The Irish Institute of Legal Executives (IILEX)
- Abbreviation: IILEX
- Formation: Ireland (1987)
- Type: Irish Representative body
- Purpose: Represent Legal Executives, and provide Training and Education.
- Location: Dublin, Ireland;
- Region served: Ireland
- President: Deirdre Littrean-Butler
- Website: https://www.iilex.ie/

= Irish Institute of Legal Executives =

The Irish Institute of Legal Executives (Instiúid Feidhmeannaigh Dlí na hÉireann) was formed in 1987, incorporated in 1992. It consists of and is the representative body for legal executives in Ireland. The aim of the institute is to provide a system of training and examination and to obtain a recognised professional qualification for those engaged in legal work. There are similar Legal Executive positions and representative bodies in Australia, New Zealand and in the UK.

==Membership==
As well as full membership for those employed as legal executives, formerly managing clerks, there is fellowship, associate membership and student membership available to those with and studying in Accredited Professional Legal Studies.
IILEX members can become Commissioners for Oaths.

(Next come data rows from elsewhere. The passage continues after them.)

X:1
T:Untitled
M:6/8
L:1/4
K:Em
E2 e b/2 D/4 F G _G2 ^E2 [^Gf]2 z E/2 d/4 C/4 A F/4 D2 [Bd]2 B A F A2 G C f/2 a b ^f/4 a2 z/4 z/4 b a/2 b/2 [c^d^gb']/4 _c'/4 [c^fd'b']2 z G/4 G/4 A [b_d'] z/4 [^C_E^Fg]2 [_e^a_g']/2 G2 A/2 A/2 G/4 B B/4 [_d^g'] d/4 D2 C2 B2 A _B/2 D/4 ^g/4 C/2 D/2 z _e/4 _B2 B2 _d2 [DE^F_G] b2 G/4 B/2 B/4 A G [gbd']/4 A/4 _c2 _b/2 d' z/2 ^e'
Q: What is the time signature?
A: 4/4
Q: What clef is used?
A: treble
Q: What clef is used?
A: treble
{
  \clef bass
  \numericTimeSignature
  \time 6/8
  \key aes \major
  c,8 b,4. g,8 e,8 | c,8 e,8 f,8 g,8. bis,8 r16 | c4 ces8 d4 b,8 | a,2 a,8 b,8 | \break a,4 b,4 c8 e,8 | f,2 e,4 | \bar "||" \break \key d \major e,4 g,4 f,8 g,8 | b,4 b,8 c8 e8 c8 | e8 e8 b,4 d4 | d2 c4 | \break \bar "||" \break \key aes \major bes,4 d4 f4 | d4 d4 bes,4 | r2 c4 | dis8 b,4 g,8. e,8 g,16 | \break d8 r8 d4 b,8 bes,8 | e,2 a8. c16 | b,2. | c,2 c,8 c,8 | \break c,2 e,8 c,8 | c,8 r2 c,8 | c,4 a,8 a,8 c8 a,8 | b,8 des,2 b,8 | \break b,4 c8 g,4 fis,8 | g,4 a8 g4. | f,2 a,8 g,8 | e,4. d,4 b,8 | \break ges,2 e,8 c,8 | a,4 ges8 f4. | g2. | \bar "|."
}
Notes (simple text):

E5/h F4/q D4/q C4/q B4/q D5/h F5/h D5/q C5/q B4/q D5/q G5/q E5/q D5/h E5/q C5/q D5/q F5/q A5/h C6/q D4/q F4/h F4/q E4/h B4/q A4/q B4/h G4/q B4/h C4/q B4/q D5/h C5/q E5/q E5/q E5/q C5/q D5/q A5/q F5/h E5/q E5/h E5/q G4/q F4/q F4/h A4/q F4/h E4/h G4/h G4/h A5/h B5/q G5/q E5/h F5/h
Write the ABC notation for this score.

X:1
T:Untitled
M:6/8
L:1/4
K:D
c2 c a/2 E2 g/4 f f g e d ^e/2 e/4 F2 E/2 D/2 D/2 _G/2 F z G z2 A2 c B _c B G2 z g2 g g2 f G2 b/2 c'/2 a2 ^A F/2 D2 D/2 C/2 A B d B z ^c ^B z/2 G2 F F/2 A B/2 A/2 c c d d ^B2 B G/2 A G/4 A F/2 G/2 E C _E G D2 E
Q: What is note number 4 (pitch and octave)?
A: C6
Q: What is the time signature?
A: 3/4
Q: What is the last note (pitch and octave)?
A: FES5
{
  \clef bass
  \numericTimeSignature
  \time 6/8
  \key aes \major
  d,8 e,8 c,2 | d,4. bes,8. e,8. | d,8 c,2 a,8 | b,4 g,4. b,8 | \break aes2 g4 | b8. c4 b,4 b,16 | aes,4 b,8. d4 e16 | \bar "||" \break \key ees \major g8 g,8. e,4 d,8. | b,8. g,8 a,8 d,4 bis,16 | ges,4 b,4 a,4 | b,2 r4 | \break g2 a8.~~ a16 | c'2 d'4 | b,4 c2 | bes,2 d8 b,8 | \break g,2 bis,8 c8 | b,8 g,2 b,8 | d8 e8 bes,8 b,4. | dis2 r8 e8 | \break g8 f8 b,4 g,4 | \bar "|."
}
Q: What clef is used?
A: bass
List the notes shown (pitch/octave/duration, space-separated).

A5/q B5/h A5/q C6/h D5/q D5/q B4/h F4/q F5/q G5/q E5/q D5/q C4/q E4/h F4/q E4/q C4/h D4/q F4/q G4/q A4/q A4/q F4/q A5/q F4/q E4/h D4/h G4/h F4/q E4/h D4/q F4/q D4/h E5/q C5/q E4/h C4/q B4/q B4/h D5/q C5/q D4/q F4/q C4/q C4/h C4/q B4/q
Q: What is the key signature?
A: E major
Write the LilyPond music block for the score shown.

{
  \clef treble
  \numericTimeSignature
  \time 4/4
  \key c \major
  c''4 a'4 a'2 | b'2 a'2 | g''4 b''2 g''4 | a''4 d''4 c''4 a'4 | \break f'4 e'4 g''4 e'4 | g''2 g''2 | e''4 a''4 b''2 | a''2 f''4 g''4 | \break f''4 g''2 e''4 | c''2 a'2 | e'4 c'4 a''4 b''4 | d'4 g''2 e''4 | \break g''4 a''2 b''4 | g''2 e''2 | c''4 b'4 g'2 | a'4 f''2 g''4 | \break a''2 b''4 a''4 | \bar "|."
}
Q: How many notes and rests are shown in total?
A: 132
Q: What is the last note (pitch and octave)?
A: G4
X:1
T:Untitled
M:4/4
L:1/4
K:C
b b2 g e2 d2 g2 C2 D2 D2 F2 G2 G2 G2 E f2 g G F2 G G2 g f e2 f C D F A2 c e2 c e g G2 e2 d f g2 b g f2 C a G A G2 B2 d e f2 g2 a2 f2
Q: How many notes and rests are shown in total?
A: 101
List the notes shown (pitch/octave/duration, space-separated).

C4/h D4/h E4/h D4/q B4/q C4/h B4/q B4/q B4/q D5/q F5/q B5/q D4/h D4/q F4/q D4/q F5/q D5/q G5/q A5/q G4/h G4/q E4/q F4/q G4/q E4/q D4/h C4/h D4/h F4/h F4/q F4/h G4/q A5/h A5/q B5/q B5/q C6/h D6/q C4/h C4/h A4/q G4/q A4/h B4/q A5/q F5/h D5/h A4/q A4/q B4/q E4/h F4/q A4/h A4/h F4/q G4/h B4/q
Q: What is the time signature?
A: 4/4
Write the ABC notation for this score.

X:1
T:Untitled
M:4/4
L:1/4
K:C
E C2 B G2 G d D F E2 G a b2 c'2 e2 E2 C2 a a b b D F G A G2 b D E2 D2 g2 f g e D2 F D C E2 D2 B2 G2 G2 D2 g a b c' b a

- Senior Legal Executive Member (S.I.I.L.Ex.)
- Legal Executive Member (M.I.I.L.Ex.)
- Associate Member (A.I.I.L.Ex.)
- Student Legal Executive Member

==Diploma in Professional Legal Studies==
IILEx recognises the Diploma in Legal Studies and Practice offered by Griffith College. The Diploma may be taken at either the Dublin or Cork campuses of Griffith College. Students may attend lectures in person or online. On successful completion of the Diploma, graduates may apply to become Associate Members of IILEx. Each year the Frank Crummey Perpetual Trophy is awarded to the student with the best academic results on the Diploma.